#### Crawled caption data

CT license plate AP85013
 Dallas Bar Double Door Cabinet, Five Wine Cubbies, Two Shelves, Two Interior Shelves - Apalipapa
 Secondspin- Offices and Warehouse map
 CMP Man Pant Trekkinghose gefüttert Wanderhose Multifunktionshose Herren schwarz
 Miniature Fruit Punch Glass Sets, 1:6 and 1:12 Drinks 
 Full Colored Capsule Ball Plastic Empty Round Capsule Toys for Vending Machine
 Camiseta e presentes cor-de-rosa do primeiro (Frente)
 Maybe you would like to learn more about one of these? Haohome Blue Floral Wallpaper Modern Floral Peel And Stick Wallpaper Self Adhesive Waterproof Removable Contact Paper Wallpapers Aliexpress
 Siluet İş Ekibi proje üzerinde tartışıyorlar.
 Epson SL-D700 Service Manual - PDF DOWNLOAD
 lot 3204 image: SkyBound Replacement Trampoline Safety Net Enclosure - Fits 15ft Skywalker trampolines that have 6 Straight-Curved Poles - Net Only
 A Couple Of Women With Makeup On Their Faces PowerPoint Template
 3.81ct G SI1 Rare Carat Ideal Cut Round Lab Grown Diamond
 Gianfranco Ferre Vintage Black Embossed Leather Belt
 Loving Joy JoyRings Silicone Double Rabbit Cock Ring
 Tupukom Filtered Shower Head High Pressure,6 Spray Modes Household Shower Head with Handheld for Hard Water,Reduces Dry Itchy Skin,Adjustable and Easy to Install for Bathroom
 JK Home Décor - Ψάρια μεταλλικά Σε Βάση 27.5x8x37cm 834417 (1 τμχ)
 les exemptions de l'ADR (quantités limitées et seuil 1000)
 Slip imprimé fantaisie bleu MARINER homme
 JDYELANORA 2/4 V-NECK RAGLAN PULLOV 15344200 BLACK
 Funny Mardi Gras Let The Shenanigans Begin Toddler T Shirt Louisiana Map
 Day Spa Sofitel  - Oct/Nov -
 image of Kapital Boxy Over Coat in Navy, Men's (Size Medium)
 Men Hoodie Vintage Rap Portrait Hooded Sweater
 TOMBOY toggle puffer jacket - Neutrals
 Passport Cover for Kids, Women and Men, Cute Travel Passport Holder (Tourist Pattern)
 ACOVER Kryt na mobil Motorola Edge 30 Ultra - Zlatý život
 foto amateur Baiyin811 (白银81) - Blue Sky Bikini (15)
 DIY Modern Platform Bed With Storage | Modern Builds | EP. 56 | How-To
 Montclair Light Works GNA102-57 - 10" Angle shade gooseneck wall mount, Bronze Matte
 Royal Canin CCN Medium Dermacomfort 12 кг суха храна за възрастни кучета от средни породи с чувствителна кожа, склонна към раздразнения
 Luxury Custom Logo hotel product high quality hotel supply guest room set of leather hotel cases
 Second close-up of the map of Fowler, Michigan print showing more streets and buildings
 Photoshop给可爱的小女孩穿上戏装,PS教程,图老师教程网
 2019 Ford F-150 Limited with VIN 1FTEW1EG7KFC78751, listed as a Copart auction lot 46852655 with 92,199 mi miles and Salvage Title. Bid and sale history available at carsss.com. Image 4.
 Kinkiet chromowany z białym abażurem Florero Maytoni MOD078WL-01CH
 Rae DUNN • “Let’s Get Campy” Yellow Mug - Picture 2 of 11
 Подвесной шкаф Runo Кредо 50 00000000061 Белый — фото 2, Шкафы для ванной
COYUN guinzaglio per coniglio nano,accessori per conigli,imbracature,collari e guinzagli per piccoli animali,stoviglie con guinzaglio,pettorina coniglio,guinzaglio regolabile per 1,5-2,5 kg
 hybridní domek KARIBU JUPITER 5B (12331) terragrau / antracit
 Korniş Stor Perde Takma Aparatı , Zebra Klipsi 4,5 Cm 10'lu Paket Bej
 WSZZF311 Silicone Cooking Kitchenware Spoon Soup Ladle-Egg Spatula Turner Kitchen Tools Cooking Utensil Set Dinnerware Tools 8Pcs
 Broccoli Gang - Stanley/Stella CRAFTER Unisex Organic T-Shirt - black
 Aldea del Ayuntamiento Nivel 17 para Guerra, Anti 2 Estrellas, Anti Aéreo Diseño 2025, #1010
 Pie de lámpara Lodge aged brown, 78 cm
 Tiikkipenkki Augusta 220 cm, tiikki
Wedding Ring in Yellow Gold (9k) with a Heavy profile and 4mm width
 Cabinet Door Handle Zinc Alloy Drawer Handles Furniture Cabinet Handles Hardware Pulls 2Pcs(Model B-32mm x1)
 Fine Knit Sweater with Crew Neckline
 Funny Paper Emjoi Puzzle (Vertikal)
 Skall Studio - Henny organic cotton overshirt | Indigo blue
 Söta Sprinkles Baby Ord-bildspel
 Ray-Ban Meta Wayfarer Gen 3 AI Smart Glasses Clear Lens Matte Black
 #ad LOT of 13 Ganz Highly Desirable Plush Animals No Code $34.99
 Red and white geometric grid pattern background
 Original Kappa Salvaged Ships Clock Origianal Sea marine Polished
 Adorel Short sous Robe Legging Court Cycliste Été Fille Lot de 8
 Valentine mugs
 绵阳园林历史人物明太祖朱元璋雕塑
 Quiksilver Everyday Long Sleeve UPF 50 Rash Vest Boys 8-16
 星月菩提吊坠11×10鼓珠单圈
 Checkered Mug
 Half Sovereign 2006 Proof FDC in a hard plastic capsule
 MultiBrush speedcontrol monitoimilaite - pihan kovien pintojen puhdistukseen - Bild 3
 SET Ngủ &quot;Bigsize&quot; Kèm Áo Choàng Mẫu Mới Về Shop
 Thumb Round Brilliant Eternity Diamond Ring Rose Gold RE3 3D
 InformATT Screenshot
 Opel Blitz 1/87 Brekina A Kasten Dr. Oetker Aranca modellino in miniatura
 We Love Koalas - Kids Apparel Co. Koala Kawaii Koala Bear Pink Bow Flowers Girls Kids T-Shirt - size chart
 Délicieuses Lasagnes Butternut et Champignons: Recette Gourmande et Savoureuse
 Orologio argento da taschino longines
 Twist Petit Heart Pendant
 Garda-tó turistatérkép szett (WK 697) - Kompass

#### WORK TO COMPLETE
The lines above starting at the one that contains "Kinkiet chromowany z" and ending at the one that contains "InformATT Screenshot" must be transcribed exactly, and no other lines may appear.

#### EXERCISE SOLUTION
 Kinkiet chromowany z białym abażurem Florero Maytoni MOD078WL-01CH
 Rae DUNN • “Let’s Get Campy” Yellow Mug - Picture 2 of 11
 Подвесной шкаф Runo Кредо 50 00000000061 Белый — фото 2, Шкафы для ванной
COYUN guinzaglio per coniglio nano,accessori per conigli,imbracature,collari e guinzagli per piccoli animali,stoviglie con guinzaglio,pettorina coniglio,guinzaglio regolabile per 1,5-2,5 kg
 hybridní domek KARIBU JUPITER 5B (12331) terragrau / antracit
 Korniş Stor Perde Takma Aparatı , Zebra Klipsi 4,5 Cm 10'lu Paket Bej
 WSZZF311 Silicone Cooking Kitchenware Spoon Soup Ladle-Egg Spatula Turner Kitchen Tools Cooking Utensil Set Dinnerware Tools 8Pcs
 Broccoli Gang - Stanley/Stella CRAFTER Unisex Organic T-Shirt - black
 Aldea del Ayuntamiento Nivel 17 para Guerra, Anti 2 Estrellas, Anti Aéreo Diseño 2025, #1010
 Pie de lámpara Lodge aged brown, 78 cm
 Tiikkipenkki Augusta 220 cm, tiikki
Wedding Ring in Yellow Gold (9k) with a Heavy profile and 4mm width
 Cabinet Door Handle Zinc Alloy Drawer Handles Furniture Cabinet Handles Hardware Pulls 2Pcs(Model B-32mm x1)
 Fine Knit Sweater with Crew Neckline
 Funny Paper Emjoi Puzzle (Vertikal)
 Skall Studio - Henny organic cotton overshirt | Indigo blue
 Söta Sprinkles Baby Ord-bildspel
 Ray-Ban Meta Wayfarer Gen 3 AI Smart Glasses Clear Lens Matte Black
 #ad LOT of 13 Ganz Highly Desirable Plush Animals No Code $34.99
 Red and white geometric grid pattern background
 Original Kappa Salvaged Ships Clock Origianal Sea marine Polished
 Adorel Short sous Robe Legging Court Cycliste Été Fille Lot de 8
 Valentine mugs
 绵阳园林历史人物明太祖朱元璋雕塑
 Quiksilver Everyday Long Sleeve UPF 50 Rash Vest Boys 8-16
 星月菩提吊坠11×10鼓珠单圈
 Checkered Mug
 Half Sovereign 2006 Proof FDC in a hard plastic capsule
 MultiBrush speedcontrol monitoimilaite - pihan kovien pintojen puhdistukseen - Bild 3
 SET Ngủ &quot;Bigsize&quot; Kèm Áo Choàng Mẫu Mới Về Shop
 Thumb Round Brilliant Eternity Diamond Ring Rose Gold RE3 3D
 InformATT Screenshot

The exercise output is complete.